Houston businessman Robert Garner wants to help his community. You can debate whether he’s going about it the right way, but what you can’t question is his heart.
“We’re trying to educate our community, which we feel like that’s in peril.”
Garner sees an inner city community that is struggling. High unemployment, thanks in part to high dropout rates and after learning no black student had ever won the popular Scripps Spelling Bee that’s shown on television, Garner decided to start a separate competition for inner city black schools.
“All we’re trying to do is be accountable for a community that’s in trouble in education. Scripps is wonderful, keep doing Scripps.”
(students say in unison: “caller please may have the definition, caller please use the word in a sentence…”)
In this classroom, at the Boys and Girls Academy on West Bellfort, students practice spelling each day. There are three teachers who help them not just with their words, but also on how to act and carry themselves.
This is 7th grade teacher Brenda Upton.
“Make sure they are dressed right, make sure their attire is set. Ladies sit the way they are supposed to sit; gentlemen stand they way they’re supposed to stand. Things like that.”
Starting a separate spelling bee for black students raises a number of questions. The most obvious is why? Another would be regarding the message it could send to black students, who may win competing against their black peers, but not against the larger population. Garner says he’s not worried about all that.
“We’re in a battlefield, where it’s really needed, and we feel like whatever we gotta do to get these kids educated. We’re going to do it, by any means.”
Teacher Brenda Upton agrees and says it’s not about whether her students can spell better than Asian students or white students, it’s about giving struggling children a chance to get excited about learning new words and education as a whole.
“If any one of the ten to fifteen students that we have competing Saturday win, hey we’ve done a whole lot.”
The words may not have the level of difficulty as those we’ve all heard and seen at the National Spelling Bee, but the organizers admit their children aren’t at that level. By getting the kids involved and building an interest, they hope to get there…one day.
What’s sad is that the primary reason America’s educational system is failing Black students has nothing to do with self-esteem or funding issues. Black people are just less proficient then whites, Asians and Hispanics for reasons only nature will ultimately tell.
Only I Have a Dream (IHAD) people are upset about this story. IHAD people cling tightly to the words of Martin Luther King and go one-step further then MLK in believing that neither character nor color should be used as justification for judging a person negatively. IHAD people honestly believe in a world where equality exists across the board and are completely and 100 percent color-blind.
IHAD people become aghast that anyone would dare that Black kids can’t compete with whites, Indians or Asians. Take Michael Berry, a talk show host in Houston, who was upset with the self-segregating Blacks:
Some are questioning plans to host an all African-American spelling bee in Houston this spring, saying it sends the wrong message to students.

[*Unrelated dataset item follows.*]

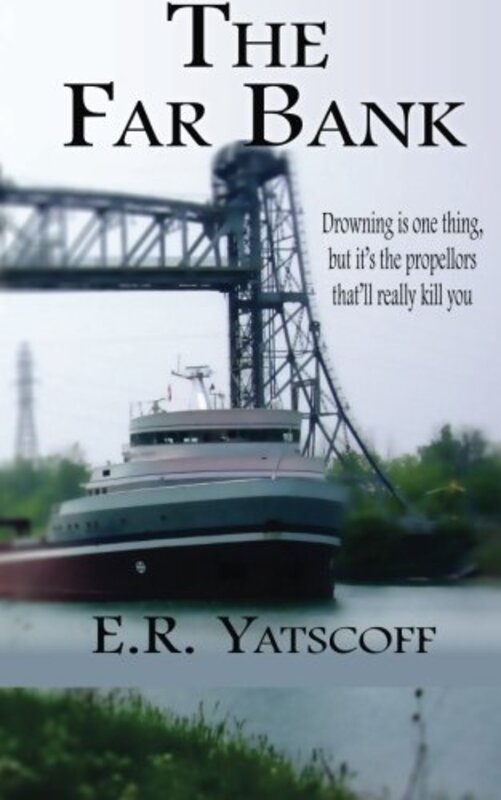 Book cover for "The Far Bank" by ER Yatscoff
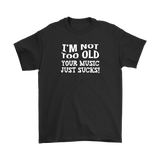 I'm Not Old, Your Music Just Sucks Men's T-Shirt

Kids from five local schools will compete in the first-of-its-kind spelling bee in May.
Organizer Jacqueline Terrell insists it helps level the playing field for many students.
“Most children that make it to the level to compete in the Scripps National Spelling Bee, are either homeschooled or attend private school,” says Terrell. “They have more access to one-on-one training than children in public or inner city schools.”
KTRH talk show host Michael Berry criticizes the separate event, and questions how African-American kids perceive themselves moving forward.
“Rather than going in and teaching the kids how to compete so they can be role models, rather than giving them the sense of accomplishment, we’ll say listen we know you can’t beat those Indian kids and those Chinese kids,” says Berry. “So we’ll make sure a black kid will win, we’ll just have a black spelling bee where only black kids can play.”
But Terrell believes it will spark new interest among African-American children and encourage more parental involvement.